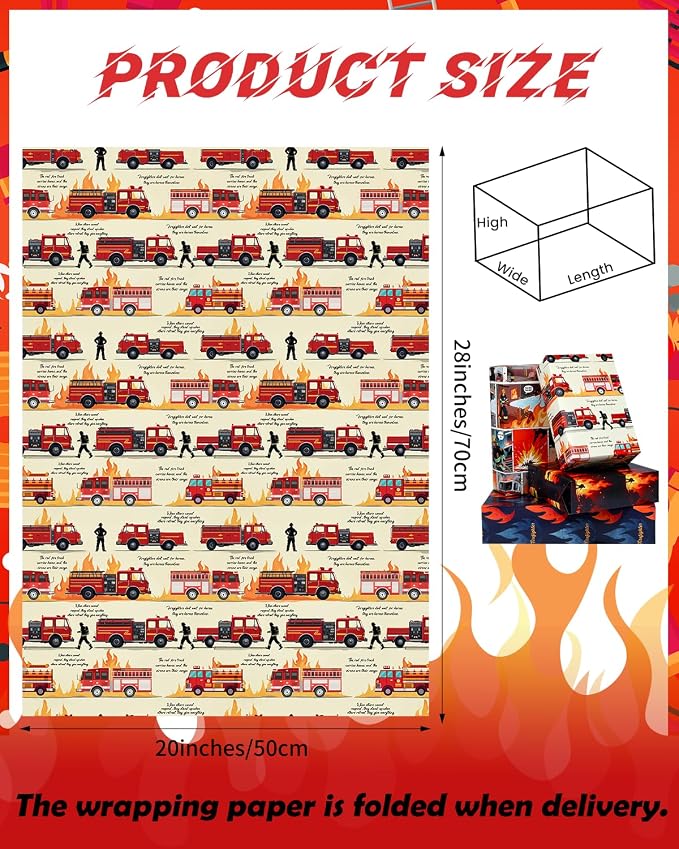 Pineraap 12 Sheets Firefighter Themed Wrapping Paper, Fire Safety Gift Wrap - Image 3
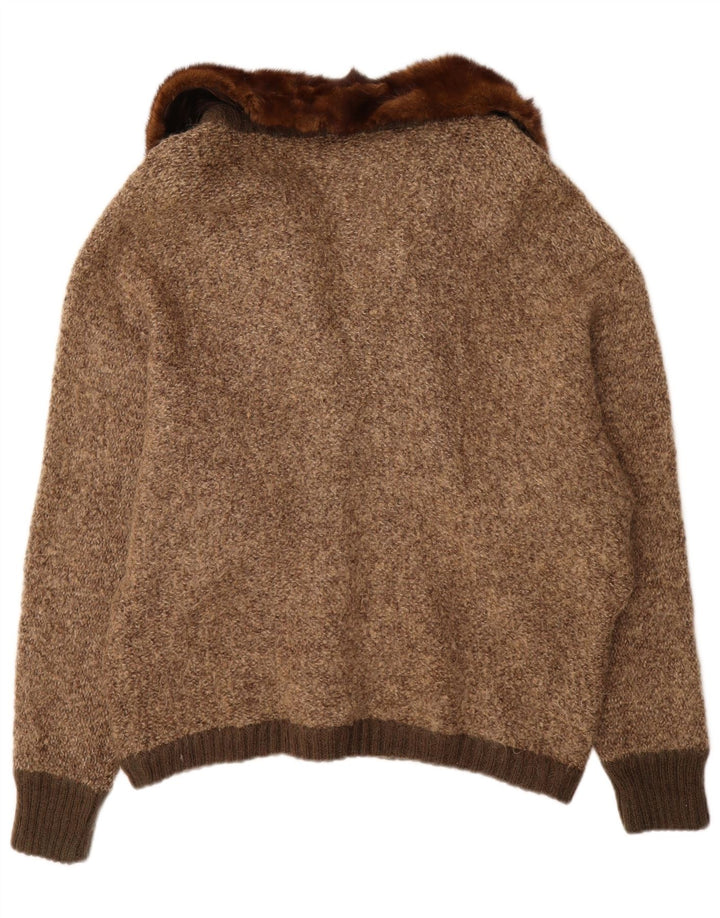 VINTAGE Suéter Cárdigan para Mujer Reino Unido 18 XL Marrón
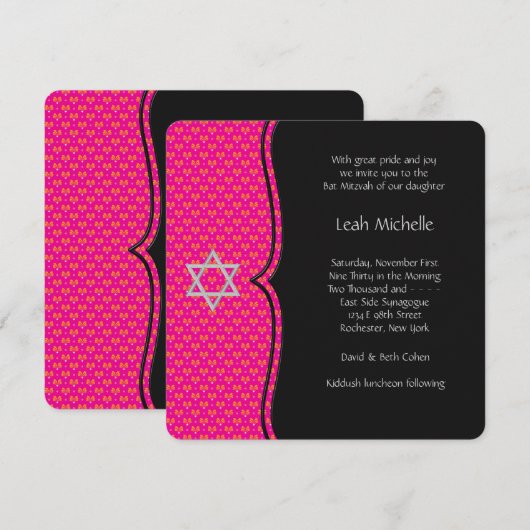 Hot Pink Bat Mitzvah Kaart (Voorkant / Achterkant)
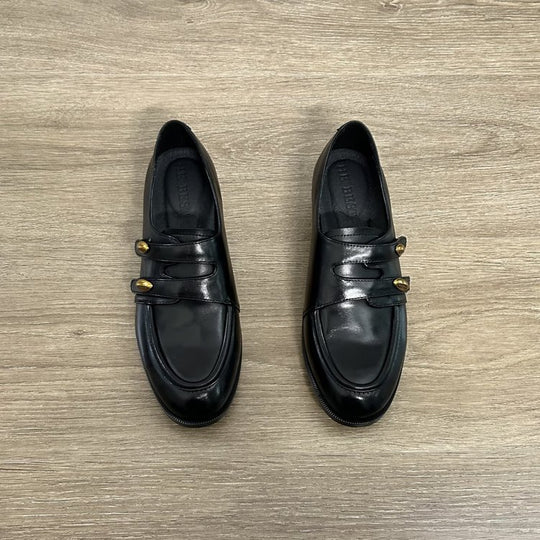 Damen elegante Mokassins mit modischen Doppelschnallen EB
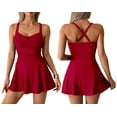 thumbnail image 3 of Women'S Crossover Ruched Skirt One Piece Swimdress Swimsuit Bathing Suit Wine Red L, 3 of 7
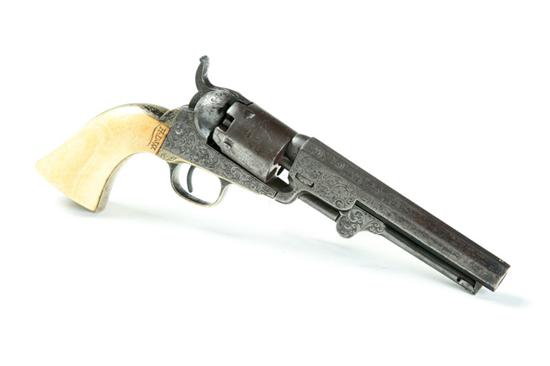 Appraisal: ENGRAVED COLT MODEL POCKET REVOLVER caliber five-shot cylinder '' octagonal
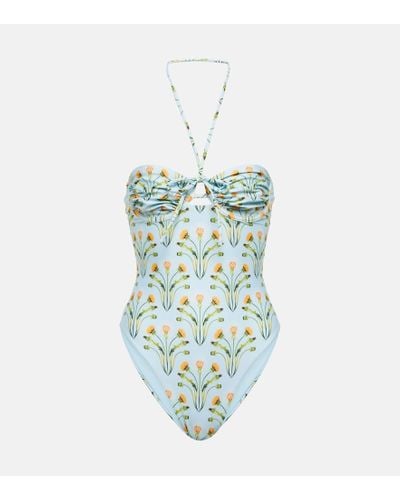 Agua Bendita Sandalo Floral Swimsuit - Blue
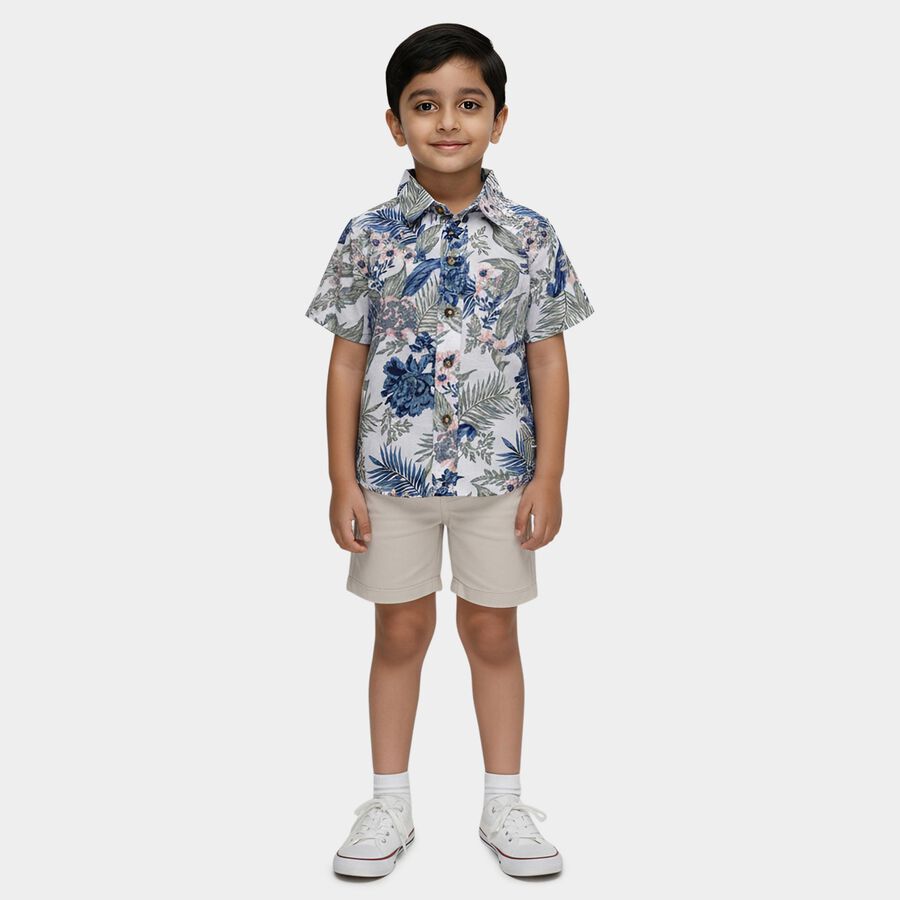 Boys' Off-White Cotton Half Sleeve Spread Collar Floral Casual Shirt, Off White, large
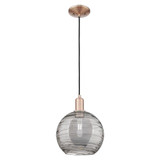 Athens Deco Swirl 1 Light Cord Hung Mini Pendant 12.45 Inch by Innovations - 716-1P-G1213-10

--

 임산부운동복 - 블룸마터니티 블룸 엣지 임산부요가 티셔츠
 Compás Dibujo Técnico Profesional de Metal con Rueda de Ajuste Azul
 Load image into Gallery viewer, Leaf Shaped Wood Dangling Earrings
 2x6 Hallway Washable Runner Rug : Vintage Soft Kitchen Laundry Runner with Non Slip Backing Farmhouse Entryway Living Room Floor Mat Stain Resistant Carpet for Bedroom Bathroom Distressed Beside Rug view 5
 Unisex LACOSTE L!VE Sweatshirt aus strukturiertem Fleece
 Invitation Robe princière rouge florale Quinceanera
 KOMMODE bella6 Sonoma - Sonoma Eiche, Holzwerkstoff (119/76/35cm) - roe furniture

**Work item:**
Using the material above, transcribe exactly the lines from the one holding "VINTAGE Suéter Cárdigan" to the one holding "Athens Deco Swirl", both ends kept. Do not carry over any pictures.

**Expected answer:**
 VINTAGE Suéter Cárdigan para Mujer Reino Unido 18 XL Marrón
 Hot Pink Bat Mitzvah Kaart (Voorkant / Achterkant)
 Damen elegante Mokassins mit modischen Doppelschnallen EB
 thumbnail image 3 of Women'S Crossover Ruched Skirt One Piece Swimdress Swimsuit Bathing Suit Wine Red L, 3 of 7
 Appraisal: ENGRAVED COLT MODEL POCKET REVOLVER caliber five-shot cylinder '' octagonal
 Agua Bendita Sandalo Floral Swimsuit - Blue
 Boys' Off-White Cotton Half Sleeve Spread Collar Floral Casual Shirt, Off White, large
 Athens Deco Swirl 1 Light Cord Hung Mini Pendant 12.45 Inch by Innovations - 716-1P-G1213-10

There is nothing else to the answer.